Key Takeaways
Citigroup analysts on Tuesday forecast hyperscalers would spend even more on AI infrastructure next year than previously expected. The AI data center buildout is increasingly being financed by debt rather than cash flows, an evolution that exposes the AI boom to new vulnerabilities like default and interest rate risk. Other financing methods, like the investment agreement announced by OpenAI and Nvidia last week, have worried some onlookers fearful of an AI bubble.
After a series of big cloud computing deals this month, Citigroup analysts now expect AI spending to exceed their already eye-watering forecast.

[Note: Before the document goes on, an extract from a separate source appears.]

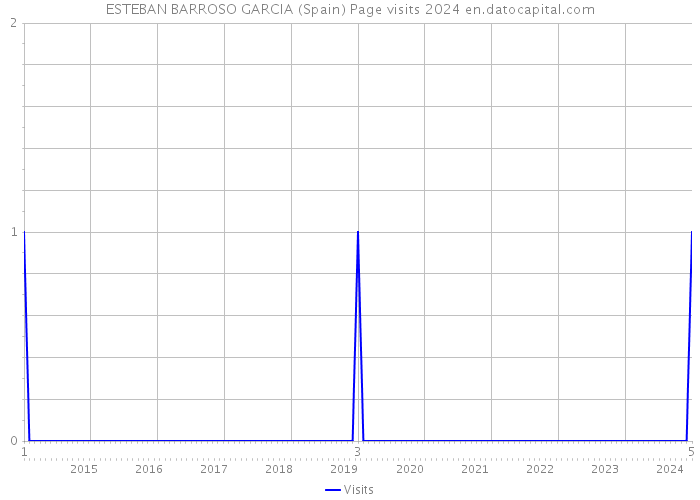 ESTEBAN BARROSO GARCIA (Spain) Page visits 2024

Citi analysts on Tuesday estimated that hyperscalers—including Microsoft (MSFT), Alphabet (GOOG), Amazon (AMZN), Oracle (ORCL), and CoreWeave (CWV)—will spend $490 billion on infrastructure and other capital goods next year, up from a prior estimate of $420 billion. Citi’s forecasts are slightly above the Wall Street consensus.
Why This Matters To You
The AI infrastructure boom has been a major force behind U.S. stock market gains and economic growth in recent years. If tech companies rely on debt to fund their massive AI investments, they could expose the AI buildout—and the broader economy—to greater risk.
The analysts pointed to an onslaught of announced partnerships, investments, and products in recent weeks as evidence of strong AI demand. They said their recent conversations with CIOs and CTOs at a range of companies “reflect a similar increase in urgency around adoption at the enterprise level.”

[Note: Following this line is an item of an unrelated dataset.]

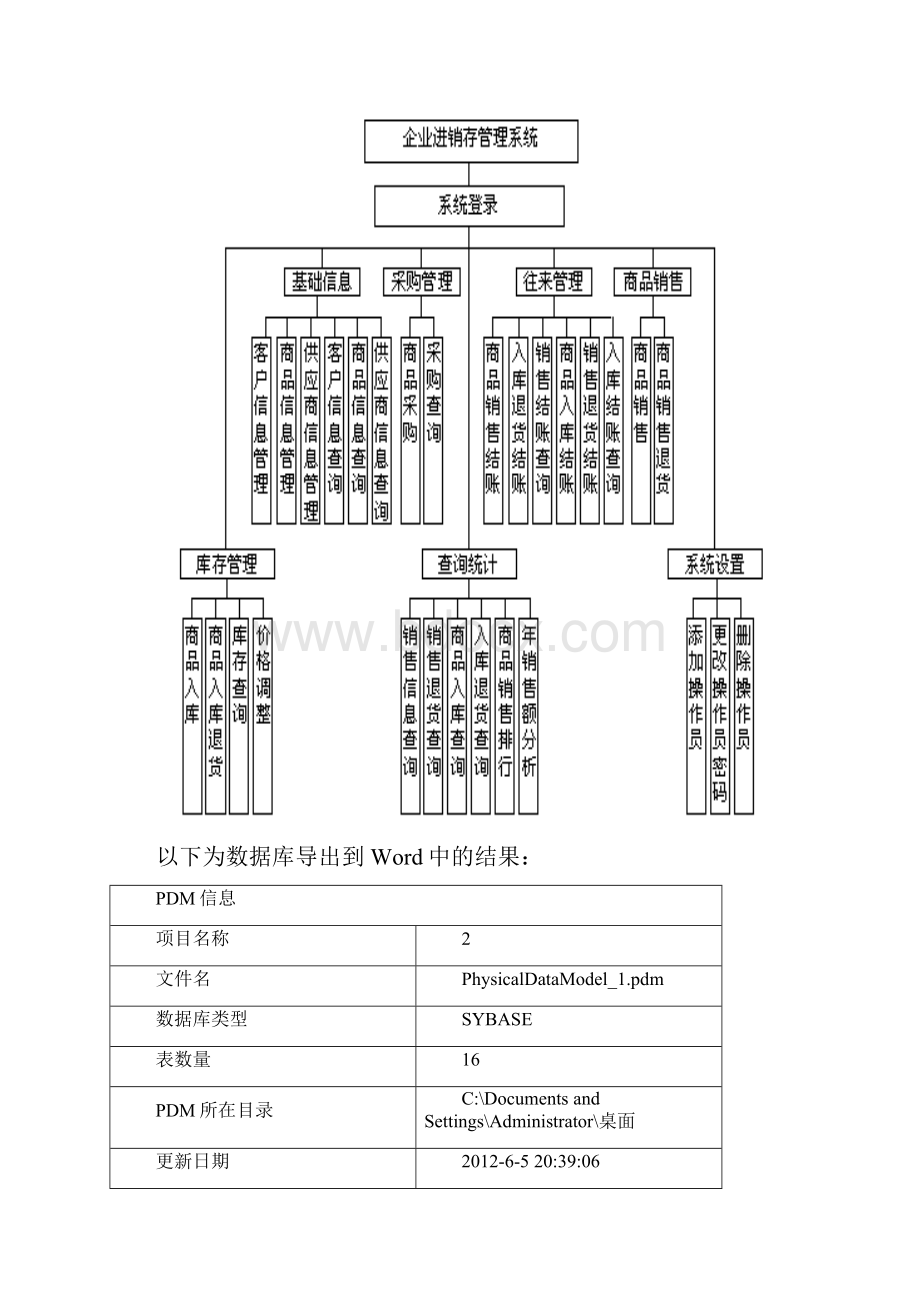 进销存系统.docx_第3页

Citi expects AI infrastructure providers like Nvidia (NVDA) to benefit from higher spending. As such, the firm’s analysts raised their price target on Nvidia shares to $210 from $200 on Tuesday.

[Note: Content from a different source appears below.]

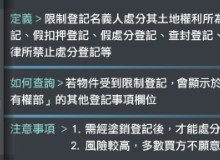 輕忽「限制登記」　砸重金買房恐過不了戶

Debt, Not Cash Flows, May Fund Future Spending
The hyperscalers are among the world’s largest, most profitable companies, a fact that has enabled them to increase their infrastructure spending exponentially over the past few years. But not even hugely profitable tech giants can undertake this level of investment on their own.
“It is notable that we have gone from the cash flow funded stage of this investment cycle to the debt funded stage, with the incremental risks that come with it,” Citi’s analysts wrote.
Oracle last week sold $18 billion of bonds in the second-largest U.S. debt deal this year, according to a Bloomberg report. Oracle, which has spent more than it’s made in each of the last two quarters, is expected to use the debt to increase its cloud capacity so it can deliver on a five-year, $300 billion deal with OpenAI. Adding that much capacity will be expensive. Citi sees Oracle’s capital expenditures ballooning to $58 billion in fiscal year 2027, nearly three times what it spent in the fiscal year that ended in May.
OpenAI, another company that will need to spend a lot to support its ambitions, took a different approach to raising money. Last week, the company struck a deal with Nvidia to deploy 10 GW of Nvidia systems over the next five years in exchange for an incremental $100 billion equity investment. OpenAI is reportedly discussing leasing—not buying—the chips from Nvidia, a novel arrangement that could cut its hardware costs by 10 to 15%, according to The Information.
The deal raised eyebrows on Wall Street, where some analysts and investors expressed concern about the “circularity” and concentration of the AI ecosystem. Some skeptics likened it to a bailout, with Nvidia stepping in as an investor of last resort to support a cash-starved OpenAI. It has also inspired comparisons to the Dotcom Bubble, when telecom equipment providers lent to and invested in their own customers, fueling speculative fervor.
But analysts see important differences between the 1990s and today. “The critical distinction, in our view, is the ‘off-ramp’ created by growing external demand for AI services driven by enterprise adoption,” write Citi analysts.
Companies like OpenAI and Meta (META), they say, are rolling out AI-driven applications and services with clear monetization prospects. And the rate of AI’s technological progress, they argue, is quickly expanding the scope of potential applications.